Parecendo novas, na realidade estas festividades escolares de julgamento, enterramento e incineração do ano escolar, remontavam ao teatro popular europeu medieval e nos finais do século XIX ainda se podiam apreciar em Portugal, Espanha, Bélgica, França e Itália, através de ritualizações cíclicas como a Queima do Judas, o Enterro do Bacalhau, a Serração da Velha e a Queima do Galheiro.

Em 1997 os antigos alunos da École de Cluny fundaram um museu, onde reuniram maquinaria, maquetas, uniformes e 26 chaves, sendo a mais antiga de 1898.

As chaves são tradicionalmente guardadas por uma espécie de mordomo ou juiz eleito pelos alunos, podendo ser conservadas na casa do guardião, solução tradicionalmente usada nas comunidades rurais portuguesas por irmandades encarregues da promoção de festividades religiosas anuais, e solução anti-roubo praticada desde há séculos para sólios de pálios, coroas preciosas e alfaias litúrgicas. Caso o guardião da chave faleça, a École contacta a viúva do aluno para que esta proceda à respectiva devolução.

Algumas chaves chegam a atingir mais de dois metros de altura. Apresentam num dos lados as letras AM (Arts et Métiers) e no outro EX (Exance), que significa a partida do aluno após a formatura. Em anos mais recentes, as chaves também passaram a ser exibidas na "rentrée".

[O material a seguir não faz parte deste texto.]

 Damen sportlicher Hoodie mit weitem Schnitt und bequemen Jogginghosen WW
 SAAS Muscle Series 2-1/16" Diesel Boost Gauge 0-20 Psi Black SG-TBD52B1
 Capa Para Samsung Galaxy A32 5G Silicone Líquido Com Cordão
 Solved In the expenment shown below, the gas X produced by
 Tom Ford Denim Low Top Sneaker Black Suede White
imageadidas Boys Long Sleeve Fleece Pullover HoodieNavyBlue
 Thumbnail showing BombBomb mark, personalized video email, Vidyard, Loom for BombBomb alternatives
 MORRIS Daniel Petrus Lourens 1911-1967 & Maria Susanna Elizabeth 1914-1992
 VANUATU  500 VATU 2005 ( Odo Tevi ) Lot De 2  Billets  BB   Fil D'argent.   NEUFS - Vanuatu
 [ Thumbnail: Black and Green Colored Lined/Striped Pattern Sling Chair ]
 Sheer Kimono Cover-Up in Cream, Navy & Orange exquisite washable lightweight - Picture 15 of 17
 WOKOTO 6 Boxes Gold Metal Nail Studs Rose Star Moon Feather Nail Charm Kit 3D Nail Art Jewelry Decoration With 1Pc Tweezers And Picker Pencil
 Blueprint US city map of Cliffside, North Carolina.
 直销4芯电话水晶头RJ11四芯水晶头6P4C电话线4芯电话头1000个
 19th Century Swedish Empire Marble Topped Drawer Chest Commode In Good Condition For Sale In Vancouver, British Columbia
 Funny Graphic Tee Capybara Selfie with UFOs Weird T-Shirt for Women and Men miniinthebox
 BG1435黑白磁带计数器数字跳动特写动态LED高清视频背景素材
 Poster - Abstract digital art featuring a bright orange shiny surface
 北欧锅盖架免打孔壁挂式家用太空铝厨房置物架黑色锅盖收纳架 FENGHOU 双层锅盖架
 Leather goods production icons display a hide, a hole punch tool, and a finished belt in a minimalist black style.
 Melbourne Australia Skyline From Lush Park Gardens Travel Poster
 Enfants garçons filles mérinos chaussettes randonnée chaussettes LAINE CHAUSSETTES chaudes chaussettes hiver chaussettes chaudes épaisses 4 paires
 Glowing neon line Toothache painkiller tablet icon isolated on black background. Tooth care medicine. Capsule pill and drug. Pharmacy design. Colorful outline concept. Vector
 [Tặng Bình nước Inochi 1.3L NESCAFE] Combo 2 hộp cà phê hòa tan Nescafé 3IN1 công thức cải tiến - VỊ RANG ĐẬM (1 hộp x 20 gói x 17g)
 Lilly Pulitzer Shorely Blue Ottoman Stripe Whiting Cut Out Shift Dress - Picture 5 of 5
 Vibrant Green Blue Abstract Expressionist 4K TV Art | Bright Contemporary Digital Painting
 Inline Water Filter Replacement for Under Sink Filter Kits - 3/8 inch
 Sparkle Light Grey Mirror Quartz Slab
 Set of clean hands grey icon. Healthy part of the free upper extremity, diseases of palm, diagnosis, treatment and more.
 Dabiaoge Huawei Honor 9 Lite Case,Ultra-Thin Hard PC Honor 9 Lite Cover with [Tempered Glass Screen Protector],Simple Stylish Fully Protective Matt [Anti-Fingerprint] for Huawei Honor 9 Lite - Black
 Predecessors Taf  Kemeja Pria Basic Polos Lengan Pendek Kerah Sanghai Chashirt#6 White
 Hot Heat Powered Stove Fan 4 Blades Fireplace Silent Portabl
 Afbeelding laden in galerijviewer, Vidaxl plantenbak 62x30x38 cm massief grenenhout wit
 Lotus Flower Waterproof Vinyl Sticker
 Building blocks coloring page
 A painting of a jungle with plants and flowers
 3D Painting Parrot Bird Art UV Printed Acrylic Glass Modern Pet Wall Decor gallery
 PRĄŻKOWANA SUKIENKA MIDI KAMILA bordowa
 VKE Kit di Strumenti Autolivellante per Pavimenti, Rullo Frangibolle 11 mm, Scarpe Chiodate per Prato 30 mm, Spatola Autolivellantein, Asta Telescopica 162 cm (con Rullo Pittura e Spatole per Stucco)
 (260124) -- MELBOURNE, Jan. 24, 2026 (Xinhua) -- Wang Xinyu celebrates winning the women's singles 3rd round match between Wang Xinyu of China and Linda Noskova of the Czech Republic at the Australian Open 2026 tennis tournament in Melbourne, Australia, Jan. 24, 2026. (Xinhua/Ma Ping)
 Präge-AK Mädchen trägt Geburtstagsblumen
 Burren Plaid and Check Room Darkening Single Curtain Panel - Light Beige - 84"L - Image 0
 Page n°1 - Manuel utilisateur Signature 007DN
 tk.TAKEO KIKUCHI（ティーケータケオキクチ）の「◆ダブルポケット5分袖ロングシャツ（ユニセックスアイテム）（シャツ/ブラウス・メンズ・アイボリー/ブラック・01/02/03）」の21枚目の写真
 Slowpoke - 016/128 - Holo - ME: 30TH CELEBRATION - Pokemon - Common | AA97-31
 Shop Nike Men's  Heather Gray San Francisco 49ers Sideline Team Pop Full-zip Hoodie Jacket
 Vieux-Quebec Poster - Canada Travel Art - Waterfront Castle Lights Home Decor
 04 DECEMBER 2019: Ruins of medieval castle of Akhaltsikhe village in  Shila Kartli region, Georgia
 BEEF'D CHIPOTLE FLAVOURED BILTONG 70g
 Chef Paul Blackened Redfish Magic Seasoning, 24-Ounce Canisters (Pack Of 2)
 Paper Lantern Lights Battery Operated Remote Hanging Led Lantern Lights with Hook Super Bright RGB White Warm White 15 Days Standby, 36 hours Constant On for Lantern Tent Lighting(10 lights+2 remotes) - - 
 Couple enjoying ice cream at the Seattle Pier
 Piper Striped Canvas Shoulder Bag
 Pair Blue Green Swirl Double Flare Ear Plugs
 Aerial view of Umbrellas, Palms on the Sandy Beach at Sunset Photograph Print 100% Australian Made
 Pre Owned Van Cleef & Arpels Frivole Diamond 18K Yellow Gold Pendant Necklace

Fonte: Musée de l'École de Cluny. Association Historique Clunysoise des Arts et Métiers, http://ahclam.gadz.org/Accueil/Voir.


Uniformes gadzarts
Evolução dos uniformes dos alunos das escolas das artes e ofícios, instituições de ensino técnico estabelecidas em França no ano de 1780 (Écoles d'Arts et Métiers). Voltadas para a aplicação prática de conhecimentos em edifícios, maquinarias, engenhos, mobiliário e peças decorativas, este tipo de escolas foi também implantado em Portugal na Monarquia Constitucional, 1ª República e Estado Novo (escolas comerciais e industriais).
Entre 1806-1945, os gadazart usaram regularmente um uniforme militar, cujo figurino napoleónico acompanhou as tendências em voga no exército francês.